VentureFX pioneer Lou Davis tells about the formation and development of a community in Scotland's capital city.
I had been working with the C3 community in Stockport but then applied for VentureFX and was sent to Edinburgh a year ago. At first I spent a lot of time getting to know what was happening in the city, speaking to people and going to different groups. I started by doing Twitter searches for Edinburgh and following people online to see what they were doing in the city.
I have always liked making things; it was a kind of family activity. As a result I always tend to gravitate towards creative people who also make things because it seems a very natural 'fit' for me. At Stockport I went on a pattern cutting course which eventually led to me taking a two year City and Guilds in Fashion and Textiles. At C3 we majored on craft groups but, in Edinburgh, I initially steered clear of doing the same thing so that I could discern what God was calling me to do in a very different situation.
After a while, I felt that making things and being creative was so much a part of me that I couldn't let it go. Things have since moved on and I have got myself a studio at Portobello, the city's seaside! It is great for making friends and building community as a creative hub, a place where people are creating artwork in all sorts of different forms.

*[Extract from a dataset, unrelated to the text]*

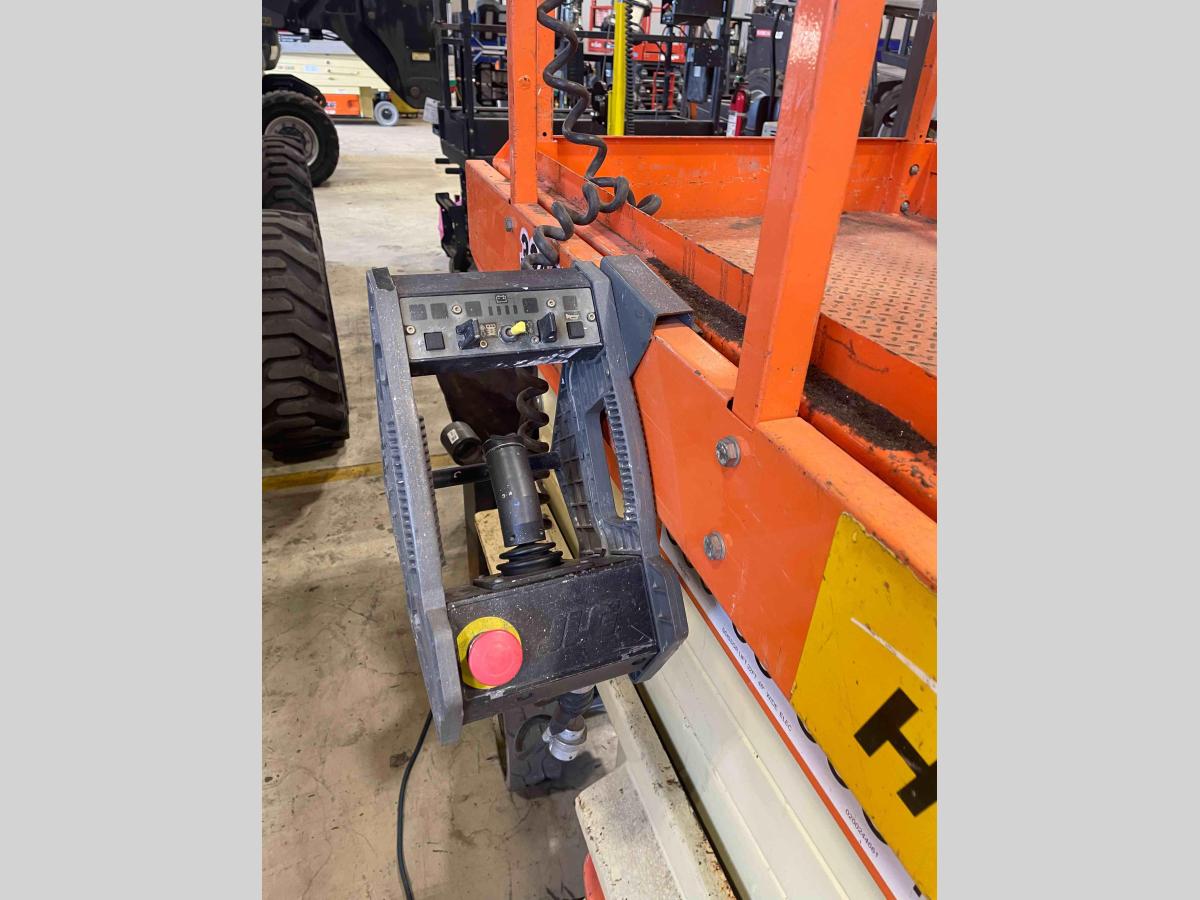 2015 JLG 3246ES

At the moment the ministry is developing in three main areas:
- I'm developing a new Christian worship community called The Gathering. I'm doing this with other people from the Edinburgh and Forth Circuit and this is designed to help in exploring Christianity and creating a place for developing community. It is a twice monthly act of creative, community-inspired worship in the heart of the city. We start off with tea or coffee, cake and chat at 6.30pm followed by worship half an hour later and a trip to the pub afterwards. We also have a few smaller groups; we meet up twice a month to share a meal, get to know each other as friends and serve others. As a group we have already found ourselves serving the homeless of Edinburgh.
- I'm also involved with the YMCA in Edinburgh by helping with the drop-in events there. I attempt to play darts but keep hitting the wall!
- I work with different artists and creative types, going to meetings and already established networks. I work with other creatives under the name of Edinburgh Dreams and we have staged events and worked closely with YMCA Edinburgh and the City of Edinburgh Methodist Church. We've got some great plans for the near future, including photography, video, art, fashion and a public art project for Advent.
The concept of Edinburgh Dreams is to build community across the city, inspire creative activity and to build friendships across divides – social, economic and geographic.
I go through phases when I consider how things are developing. Some days it is very exciting and positive – usually when something has gone well – and at other times it seems like I'm just doing endless admin and not getting anywhere at all. But then I may meet someone new, have an amazing conversation about God and it's all worthwhile.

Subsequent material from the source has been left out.